*** Opening of Given records ***

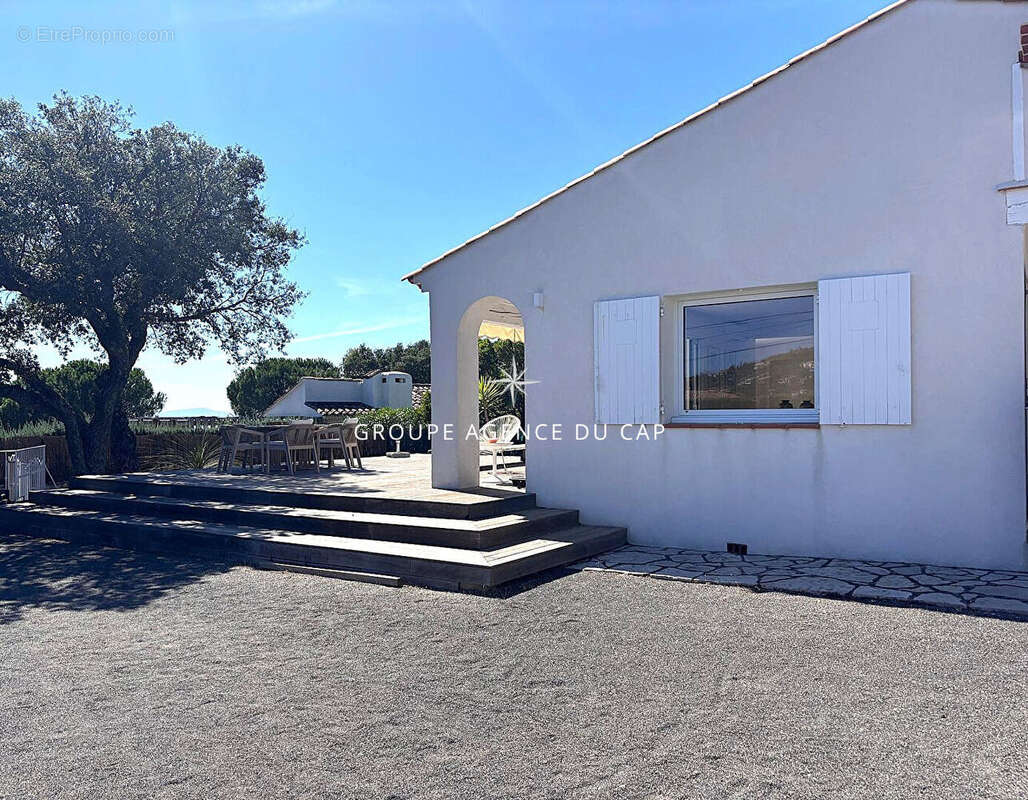 Maison à LES ISSAMBRES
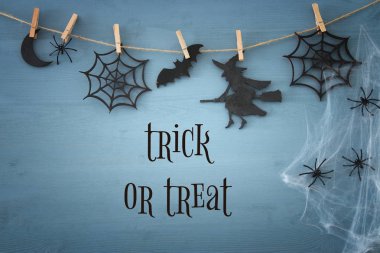 Cadılar Bayramı tatil kavramı üstten görünüm sahne ahşap arka plan üzerinde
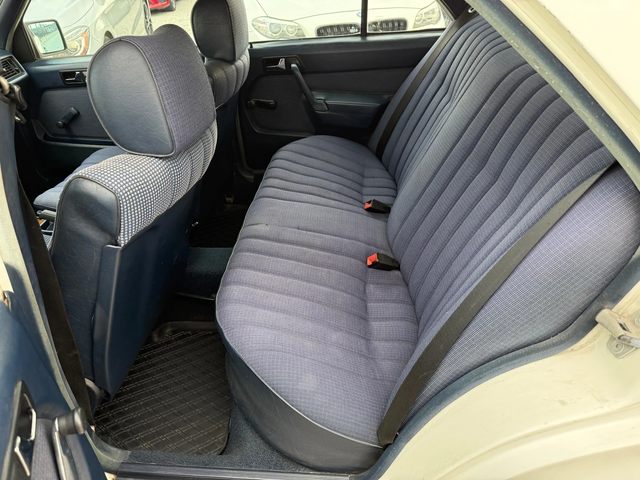 Mercedes-Benz 190 2.0D* 1985г* БЕЗ РЪЖДИ* ТЯСНАТА ЛАЙСНА* - автомобили, коли, обяви за нови и употребявани 9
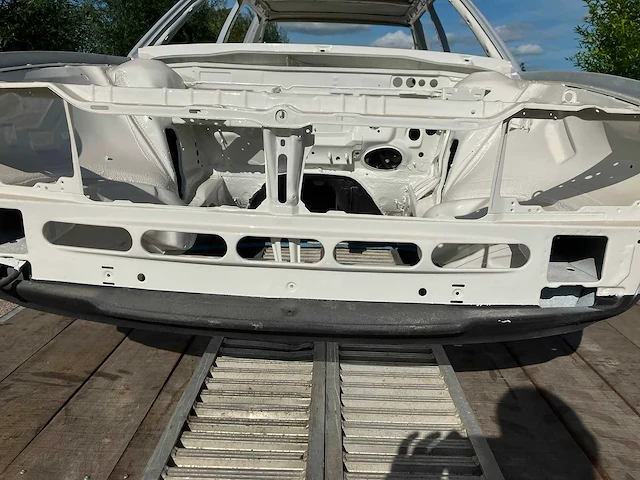 Volkswagen passat 1.6 d oldtimer - afbeelding 3 van  16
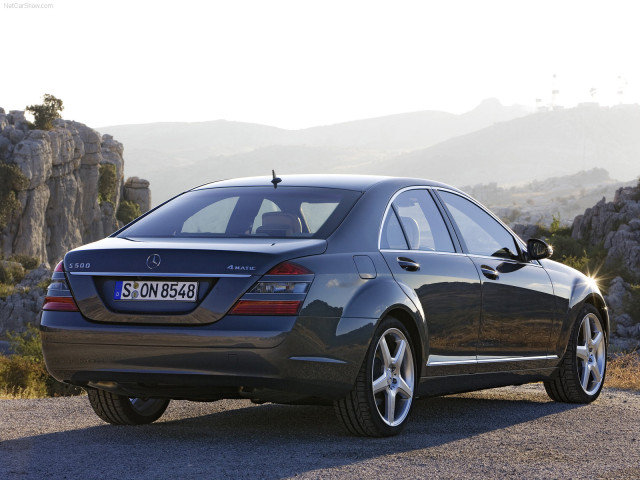 Mercedes-Benz S-Class W221 фото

*** Close of Given records ***

• _Problem details_
Retype all the records shown above, character for character. Omit every picture.

• _Output for this task_
 Maison à LES ISSAMBRES
 Cadılar Bayramı tatil kavramı üstten görünüm sahne ahşap arka plan üzerinde
 Mercedes-Benz 190 2.0D* 1985г* БЕЗ РЪЖДИ* ТЯСНАТА ЛАЙСНА* - автомобили, коли, обяви за нови и употребявани 9
 Volkswagen passat 1.6 d oldtimer - afbeelding 3 van  16
 Mercedes-Benz S-Class W221 фото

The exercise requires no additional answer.